At the launch event, Iris boss Berwyn Rowlands told Scene: “Since the pandemic we’ve revalued our lives and it’s great to be back sharing LGBTQ+ stories.
“We’re very diverse and I look forward to the day that, for instance, in cop stories on TV the character’s sexuality is incidental. Our next phase, guided by our new chairman, Tom Abell of Peccadillo Pictures, will be worth looking forward to. What we do is quite lonely sometimes.”
Hove-based Channel 4 executive Tim Highsted said: “I’m struck by the community of LGBTQ+ film-makers at Iris. Clearly they have a talent and passion.
“What keeps coming through is the extraordinary array of talent Iris promotes.”
All 4 is once again showing the best of the British short films from Iris in an ongoing partnership. Let’s hope none of this ground-breaking work is jeopardised by the planned sale of the channel.
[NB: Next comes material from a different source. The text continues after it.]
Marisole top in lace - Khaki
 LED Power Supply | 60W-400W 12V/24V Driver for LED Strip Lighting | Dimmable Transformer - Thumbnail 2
There’s another two weeks to catch the three Iris programmes at the Fringe. They are: a series of animated short films from the last 15 years; the best of Iris 2021, which includes the double-award winning Baba, and a selection of trans stories. I sampled the last of these programmes and here are my thoughts:
POP is an intriguing and dark story of a young trans boy coming to terms with his sexual identity and his connection to a recently-released prisoner, played with great grittiness by TV actor Stephen Graham.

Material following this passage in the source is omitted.